Il decennio trascorso e gli anni più recenti consentono di richiamare e valutare una serie di interventi e misure prese dai governi in favore dell’ambiente. Il bilancio tracciato dal The Economist alla vigilia della Conferenza di Copenaghen conclude che: “Politiche efficaci, efficienti e politicamente accettabili si sono dimostrate elusive dappertutto”2 Questa è una valutazione certamente giusta per i paesi industrializzati e i maggiori tra questi, ma che trova oggi fortunatamente una grande eccezione al di fuori di questi nella Cina. Tuttavia, poiché sforzi sono stati compiuti in vari paesi e varie direzioni, è utile richiamarli per capire poi le possibilità ed i limiti della situazione attuale.

Gli Stati Uniti, sono e restano nelle proiezioni al 2030 lo Stato a più alto inquinamento procapite del mondo (emissioni di CO2) insieme all’Australia, seguiti dalla Russia, Giappone, Europa e poi Cina, India e Brasile a livelli inferiori. Un nuovo corso è stato avviato con la presidenza Obama, partendo praticamente da zero poiché l’amministrazione di George Bush era “negazionista” riguardo ai cambiamenti climatici, tesi queste presenti anche in Europa. Le ultime misure di stimolo dell’economia successive alla crisi finanziaria destinano un decimo dell’importo totale (di 787 miliardi di dollari) al settore dell’energia.
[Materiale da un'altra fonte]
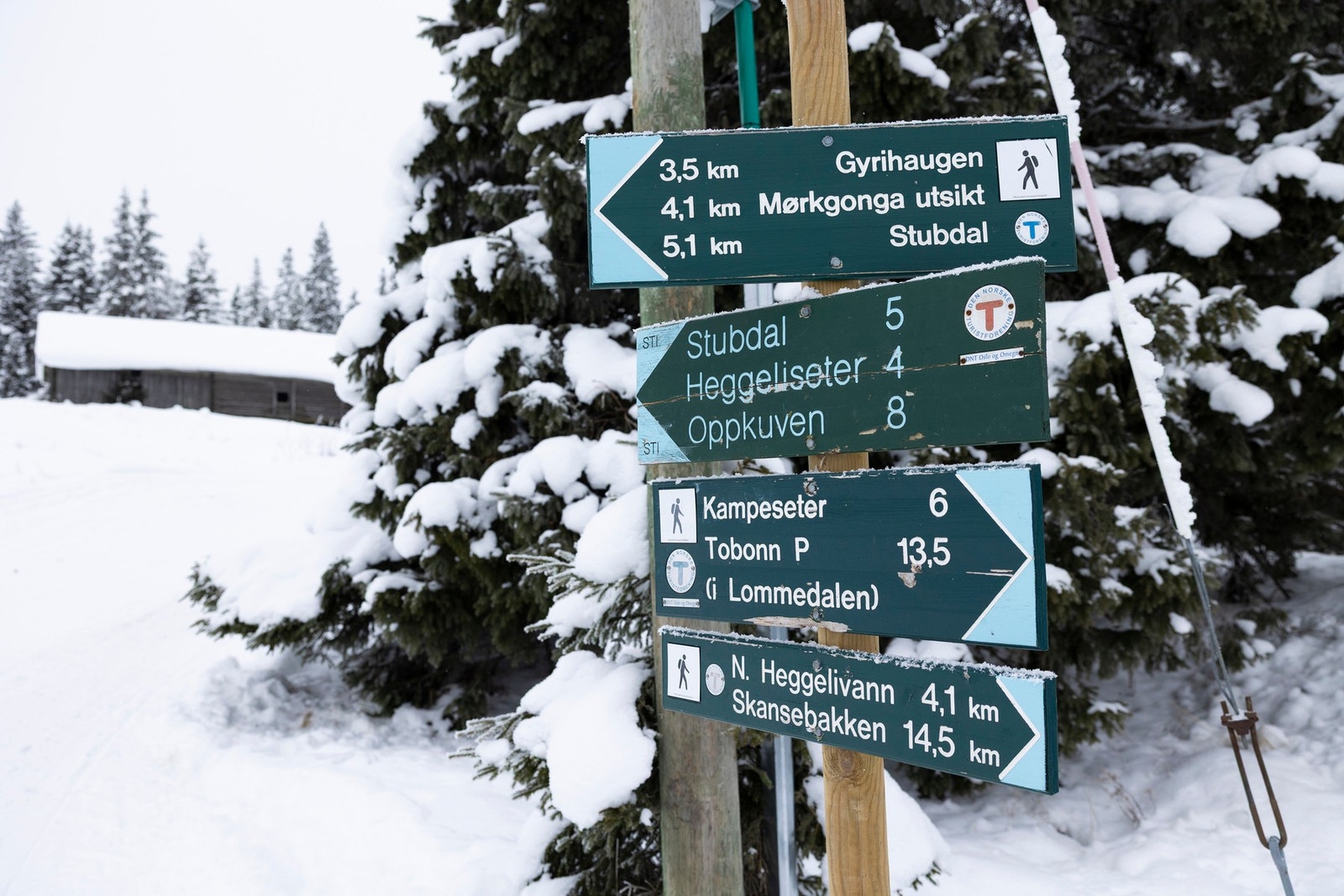 Her kan du følge skiltingen og bli guidet gjennom flotte turstier i sommerhalvåret. Galleribilde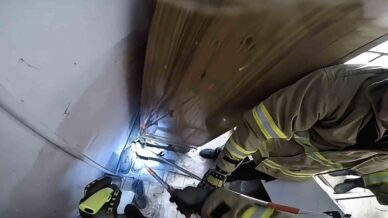 safranboluda ayakkabilikta zehirli engerek panigi shsyKVrh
La cifra più alta sinora dedicata e che dovrebbe essere seguita anche da una riduzione dei sussidi statali tuttora in vigore per i carburanti fossili. Alla base di queste e altre misure previste nell’American Clean Energy and Security Act in corso di approvazione al Senato c’è la riduzione delle emissioni di CO2, in modo graduale dal 2012 al 2050, l’aumento delle energie rinnovabili al 20 % dell’energia totale prodotta, un forte impegno finanziario per il risparmio energetico e i veicoli elettrici. Misure queste ultime che gli osservatori attribuiscono alla pressione esercitata dall’industria statunitense sul governo per le preoccupazioni suscitate dalla forte avanzata in questi settori della Cina, che sta assumendo un ruolo di leadership mondiale nel campo della ricerca e della produzione delle tecnologie “pulite”.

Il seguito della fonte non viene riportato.